İYİ Parti Grup Başkanvekili Müsavat Dervişoğlu, yasa teklifinin Türkiye'yi 3’üncü dünya ülkeleriyle aynı kategoriye sokacağını söyledi ve “İktidar iyi niyetli olmayan bir baskı ve sansürü dijital medyaya taşımaktadır. Bu istibdattır. Dezenformasyon değil ‘Akformasyon' hedefleniyor. Yeliz isimli vekiliniz ve trol ordusu kuran bakanınızla bu işi şu yapan sizlersiniz. TÜİK Başkanı’nı görevden alın, dezenformasyonla mücadelede önemli başarı elde etmiş olursunuz” dedi.

“BASIN İLAN KURUMU BAŞKANI OLİGARK, KEYİFÇİ”

CHP İzmir Milletvekili Tuncay Özkan da “Özgürlüğü elinizden kaçırdığınızda bir Atatürk'e, Kurtuluş savaşına ihtiyaç duyarsınız. Demokrasiyi sopayla koruyamazsınız. Kahrolsun oligarşi, yaşasın demokrasi. Ceza vereceklermiş, 6 yıl daha yatarım. Gazeteci devlete, partiye değil, gerçeğe ve halkına karşı sorumludur. Basın İlan Kurumu Başkanı ise oligark, keyifçi…” dedi.

CHP'lilerden protesto...

Özkan, “Bir terörist öldürüldü. Terörist öldürülünce CHP'li oldu. Kim söylüyor? Taksici söylemiş. Taksici öyle beyan etmiş. Kim söylüyor bunu İçişleri Bakanı söylüyor. Haberi yapan, doğrulamaya çalışan kim, dezenformasyonun kaynağı kim? Bu yasa çıktığında dezenformasyon yaptığı için İçişleri Bakanı'na, İçişleri Bakanı'nı yanıltan, o terörist konusunda yanlış bilgi veren memurlara, kamu görevlilerine ne yapacağız? Var mı yasada hükmü? Peki böyle adalet, böyle düzen olur mu? Çürüyen her şey düşer demiştim. Bu düzen düşmüştür” şeklinde konuştu.

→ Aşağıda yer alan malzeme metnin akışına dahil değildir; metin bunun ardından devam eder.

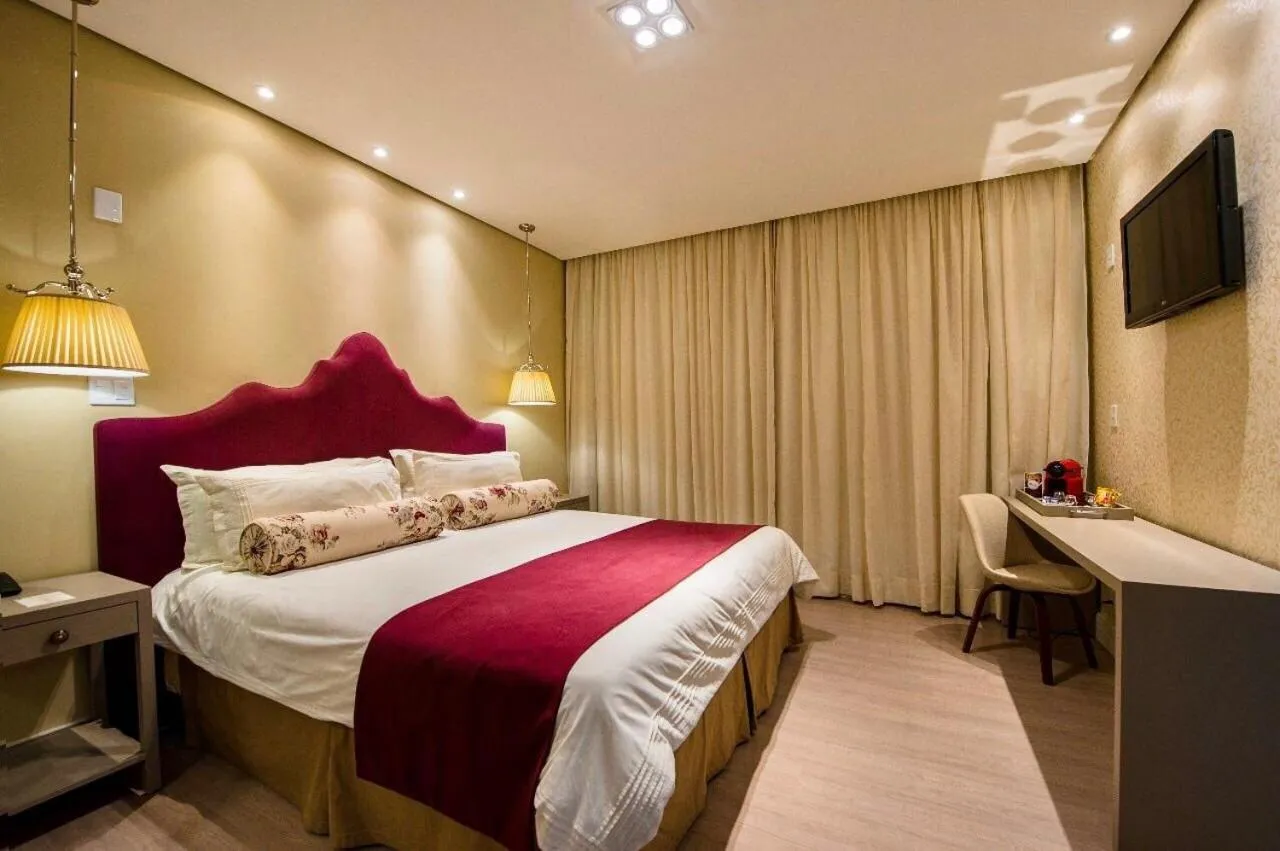 Bed in Araçatuba Plaza Hotel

“EN ÇOK YALAN HABER TÜRKİYE'DE”

MHP İstanbul Milletvekili Feti Yıldız ise “Temel hak ve özgürlükleri korumak devletin görevidir. Sahte isim ve hesaplarla siyasi rakiplere küfür, iftira ve hakaret etmek amacıyla kullanıldığı durumlarda düzenleme yapmak şarttır. Yalan haberi kasıtlı yayma eyleminin tehdit olduğu noktasında toplumda bir kanaat vardır. Sosyal medyada insanların onuru, şerefi ayaklar altına alınmıştır. Dünyada sosyal medyada en çok yalan habere konu olan ülke Türkiye'dir” diyerek teklifi savundu.